Skip to main content

Understanding Pipeline States

This guide helps you understand the different states your data pipelines can be in and how to interpret the status information displayed in your DataStori dashboard.

Table of Contents

  1. Overview
  2. State Hierarchy
  3. Pipeline States
  4. Task States
  5. Data Quality Test States
  6. Understanding State Transitions

Overview

DataStori tracks pipeline execution using a hierarchical state system with three levels:

  1. Pipeline Level - Overall status of your entire pipeline execution
  2. Task Level - Status of individual steps within your pipeline (download, transform, test)
  3. Test Level - Results of data quality checks

Understanding these states helps you monitor your pipeline executions and quickly identify any issues.


State Hierarchy

Your pipeline execution follows this hierarchy:

Pipeline Execution
├── Pipeline Status (RUNNING → COMPLETED/FAILED)
├── Download Task (RUNNING → RETRYING → COMPLETED/FAILED)
├── Transform Task (RUNNING → RETRYING → COMPLETED/FAILED)
└── Test Results (PASSED/FAILED/WARNING)

Understanding Overall vs. Task Status

The dashboard displays both pipeline-level and task-level statuses. Here's how to interpret them:

Status LevelWhat It ShowsInterpretation
Pipeline StatusOverall execution statusThe main status of your entire pipeline run
Task StatusIndividual step progressStatus of specific tasks within the pipeline

Key Points:

  • ✅ The pipeline status is the primary indicator of your execution's overall state
  • Task statuses show you the progress of individual steps
  • ✅ Multiple tasks can show as COMPLETED while the pipeline is still RUNNING
  • ✅ Only when the pipeline status shows COMPLETED or FAILED is the entire execution finished

Pipeline States

Pipeline states represent the overall status of your data pipeline execution. This is the primary status you'll see on your dashboard.

RUNNING

What it means: Your pipeline has started and is currently processing data.

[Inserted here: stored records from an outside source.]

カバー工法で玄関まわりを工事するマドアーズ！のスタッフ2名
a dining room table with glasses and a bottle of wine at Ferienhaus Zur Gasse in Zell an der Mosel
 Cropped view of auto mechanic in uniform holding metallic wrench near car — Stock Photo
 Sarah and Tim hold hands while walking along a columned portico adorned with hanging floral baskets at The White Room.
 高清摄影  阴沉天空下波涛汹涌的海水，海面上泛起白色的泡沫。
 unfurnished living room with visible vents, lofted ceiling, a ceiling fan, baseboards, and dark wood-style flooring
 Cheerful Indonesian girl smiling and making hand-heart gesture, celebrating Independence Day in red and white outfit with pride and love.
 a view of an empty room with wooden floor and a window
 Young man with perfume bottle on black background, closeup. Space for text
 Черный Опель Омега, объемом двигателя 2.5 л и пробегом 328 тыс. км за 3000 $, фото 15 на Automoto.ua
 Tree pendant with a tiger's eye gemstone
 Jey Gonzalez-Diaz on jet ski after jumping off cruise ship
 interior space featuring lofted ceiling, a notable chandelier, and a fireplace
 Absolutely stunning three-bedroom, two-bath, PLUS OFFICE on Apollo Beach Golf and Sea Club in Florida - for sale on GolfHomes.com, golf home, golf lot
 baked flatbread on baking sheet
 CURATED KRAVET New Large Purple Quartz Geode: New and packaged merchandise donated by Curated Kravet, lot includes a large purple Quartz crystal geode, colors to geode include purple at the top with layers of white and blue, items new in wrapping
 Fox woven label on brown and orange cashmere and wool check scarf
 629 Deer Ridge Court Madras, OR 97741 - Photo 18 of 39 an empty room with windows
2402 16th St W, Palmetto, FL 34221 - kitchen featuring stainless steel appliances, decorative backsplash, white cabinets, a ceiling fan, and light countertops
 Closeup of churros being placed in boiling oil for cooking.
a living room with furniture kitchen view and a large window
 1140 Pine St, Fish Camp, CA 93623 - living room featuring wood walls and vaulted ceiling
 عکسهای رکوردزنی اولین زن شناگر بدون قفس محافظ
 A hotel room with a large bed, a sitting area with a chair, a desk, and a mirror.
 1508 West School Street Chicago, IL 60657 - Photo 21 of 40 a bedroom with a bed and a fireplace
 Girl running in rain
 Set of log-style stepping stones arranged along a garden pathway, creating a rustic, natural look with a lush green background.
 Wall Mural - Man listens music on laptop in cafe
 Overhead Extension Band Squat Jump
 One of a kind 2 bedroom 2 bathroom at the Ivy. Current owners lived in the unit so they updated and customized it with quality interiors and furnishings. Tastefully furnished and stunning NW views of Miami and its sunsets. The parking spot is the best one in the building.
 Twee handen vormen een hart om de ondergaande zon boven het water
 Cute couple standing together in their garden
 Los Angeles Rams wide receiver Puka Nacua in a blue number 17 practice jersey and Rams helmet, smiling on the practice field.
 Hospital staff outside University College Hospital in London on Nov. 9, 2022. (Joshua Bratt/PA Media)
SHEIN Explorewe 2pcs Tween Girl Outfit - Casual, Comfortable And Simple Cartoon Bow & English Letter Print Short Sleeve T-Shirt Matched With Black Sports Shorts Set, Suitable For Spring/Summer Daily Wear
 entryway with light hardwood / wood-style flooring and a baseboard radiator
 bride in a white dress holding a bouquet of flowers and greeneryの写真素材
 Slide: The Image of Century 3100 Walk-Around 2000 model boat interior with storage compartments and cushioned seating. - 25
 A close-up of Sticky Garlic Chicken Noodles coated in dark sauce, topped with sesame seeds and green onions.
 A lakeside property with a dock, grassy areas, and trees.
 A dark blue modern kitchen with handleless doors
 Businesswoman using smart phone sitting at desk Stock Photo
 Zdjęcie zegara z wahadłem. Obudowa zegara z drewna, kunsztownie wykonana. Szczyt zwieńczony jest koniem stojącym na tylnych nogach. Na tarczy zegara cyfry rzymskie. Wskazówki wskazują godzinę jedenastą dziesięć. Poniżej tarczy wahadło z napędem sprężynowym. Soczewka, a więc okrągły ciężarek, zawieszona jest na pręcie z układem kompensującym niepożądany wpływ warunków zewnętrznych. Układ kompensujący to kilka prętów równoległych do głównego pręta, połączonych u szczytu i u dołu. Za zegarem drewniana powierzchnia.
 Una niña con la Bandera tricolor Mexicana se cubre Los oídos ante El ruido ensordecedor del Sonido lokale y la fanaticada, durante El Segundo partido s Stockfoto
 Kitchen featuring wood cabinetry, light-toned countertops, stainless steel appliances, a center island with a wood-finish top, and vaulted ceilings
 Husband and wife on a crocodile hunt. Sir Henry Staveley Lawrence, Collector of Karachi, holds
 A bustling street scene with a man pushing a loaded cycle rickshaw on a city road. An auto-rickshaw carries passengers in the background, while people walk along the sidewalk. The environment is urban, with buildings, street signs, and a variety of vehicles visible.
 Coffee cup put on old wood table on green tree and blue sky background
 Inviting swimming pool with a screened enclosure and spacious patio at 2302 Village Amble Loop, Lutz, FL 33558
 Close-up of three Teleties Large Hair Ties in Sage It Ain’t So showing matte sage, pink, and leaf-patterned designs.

  • All pipeline tasks are being executed
  • Data is actively being moved from source to destination
  • The pipeline is working through its configured steps

COMPLETED

What it means: Your pipeline finished successfully without any errors.

  • All tasks completed successfully
  • Data has been transferred and processed
  • The pipeline run is finished
  • You'll see a completion timestamp

What to do next: Review your destination to verify the data arrived as expected.

FAILED

What it means: Your pipeline encountered an error and stopped executing.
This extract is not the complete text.